100% Unit Testing — Now It’s Ante
Introduction
I have written many times about the importance of high-quality automated tests in software development. I’ve been especially vocal about the need for complete unit test coverage. Sometimes I get push-back, and usually I can defuse that push-back with some (I think) well-reasoned philosophy.
At my core I am a pragmatist, I do things because they work, not because they look nice on paper. So, my choices tend to be rooted in a desire to get specific outcomes and that often makes my choices easier to understand. Communicating these outcomes and the choices I make because of my desire to achieve them is the point of this article.

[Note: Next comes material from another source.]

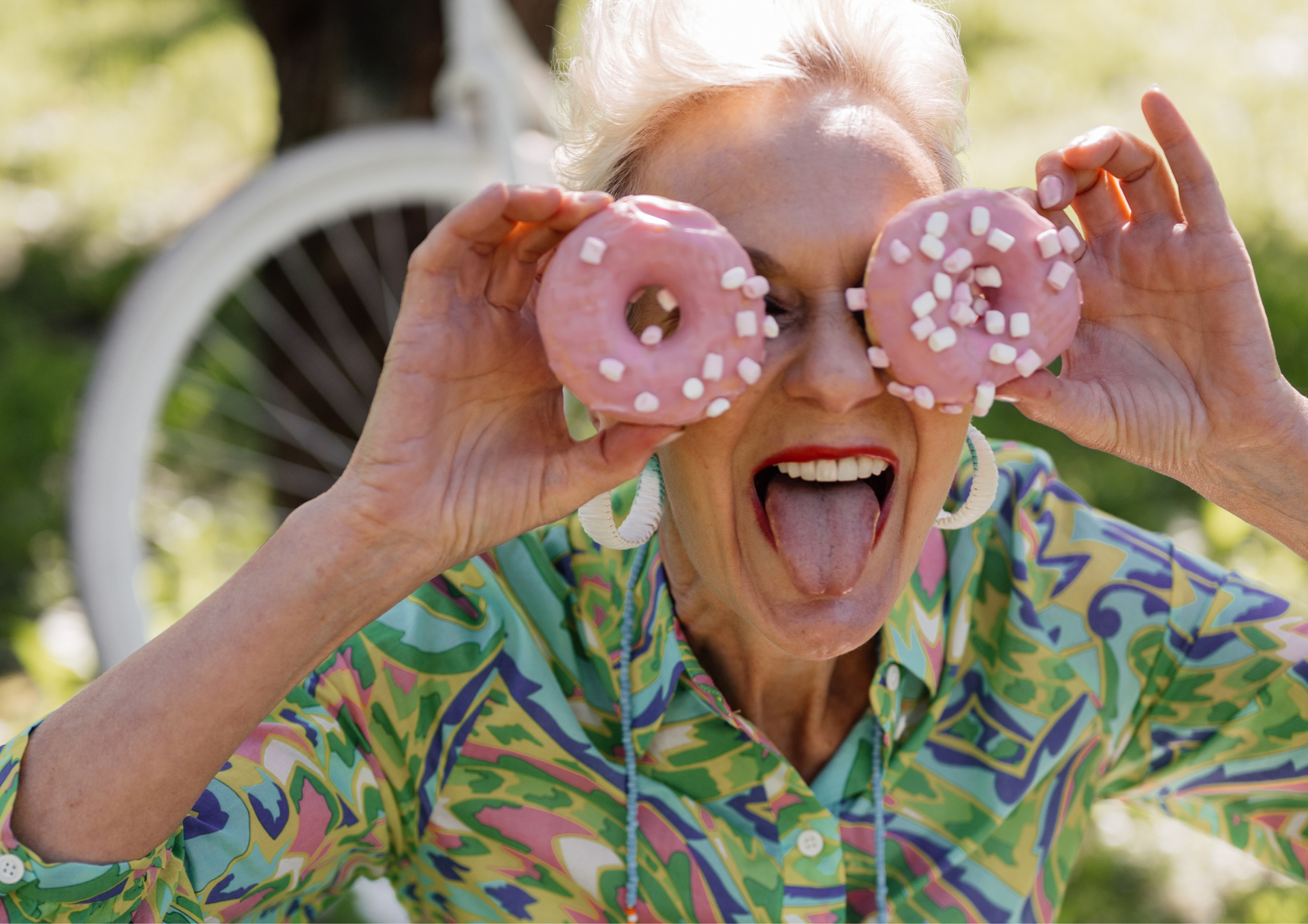 Une femme cachant ses yeux avec des donuts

The Full Breadth of Testing vs. Unit Testing
I have never talked or written about the full breadth of testing, at all. This may be the first time I do so — and I’m only doing it now to make it clear why I don’t do it and what I’m talking about instead. In order to consider some product, or library, or service “fully tested” there are many, many, angles you have to probe. I’m going to quote a paper by Dan North where he describes several such things. In his words, we have:
- Functional correctness: It doesn’t produce the results we expect.
- Reliability: It mostly shows correct answers but sometimes it doesn’t.

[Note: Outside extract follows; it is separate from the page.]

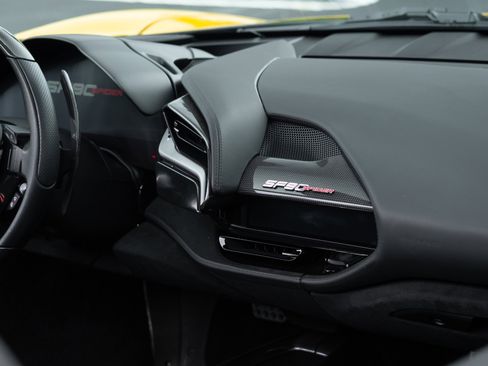 Used 2022 Ferrari SF90 Spider AWD/4WD image 63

- Usability: Sure, it works but it is inconsistent and frustrating to use.
- Accessibility: Like usability, but exclusionary and probably illegal.
- Predictability: It has random spikes in resources such as memory, I/O, or CPU usage, or occasionally hangs for a noticeable amount of time.
- Security: It works as designed but it exposes security vulnerabilities.
- Compliance: It works, but, for instance, it doesn’t handle personal information correctly.
- Observability: It mostly works, but when it doesn’t it is hard to notice and harder to determine why.
Without getting too much into each one I think we can see there’s overlap, and I think we can see that some of these things are not completely objective. Many are likely to have requirements that evolve over time and require re-visiting. Some of those properties make them pretty poor targets for automated testing.
When I talk about testing — and unit testing in particular — I mean something much simpler than any of the above factors. I mean, for the most part, “Is the code at least doing what I intended it to do?” My contention is that this is about the best you can hope to do with automated testing, and it is less than all of the above. It isn’t even necessarily “functional correctness” — but I still think this amount of testing is essential.
It’s my contention that the practices I describe come at significant negative opportunity cost (i.e., the expected cost you will pay for not doing them far exceeds your investment to do them). This assertion usually results in an avalanche of objections, so in the rest of this article I’ll try to deal with the most common objections directly while describing the outcomes I’m looking for.
“The Juice Isn’t Worth the Squeeze”
There are several objections that circle around the same considerations:
- “Tests beyond X% give diminishing returns”
- “100% coverage doesn’t guarantee correctness anyway, why bother?”
I generally recommend 100% block coverage as a minimum. Sometimes people find this incredible but, as I said, I have specific goals in mind. Let’s deal with the objections first and then on to the goals.
That unit-testing inherently suffers from diminishing returns is just flatly wrong.
Firstly, if you have (e.g.) 1000 tests the 1001st test is not inherently harder to write than the 1000th was, that never happens. If anything, it’s typically easier to write the n+1st test. This is because tests tend to use all the same infrastructure to get their job done.
Secondly, tests encountering new untested code are just as likely to find bugs in that code whether it was the first 1% or the last 1%. This is borne out in my experience all the time. Down to a few blocks to test I’m thinking “well this is a waste but ok I’ll do it because hygiene” and then I look at the code thinking about how to test it and I see it’s wrong. This happens all the time.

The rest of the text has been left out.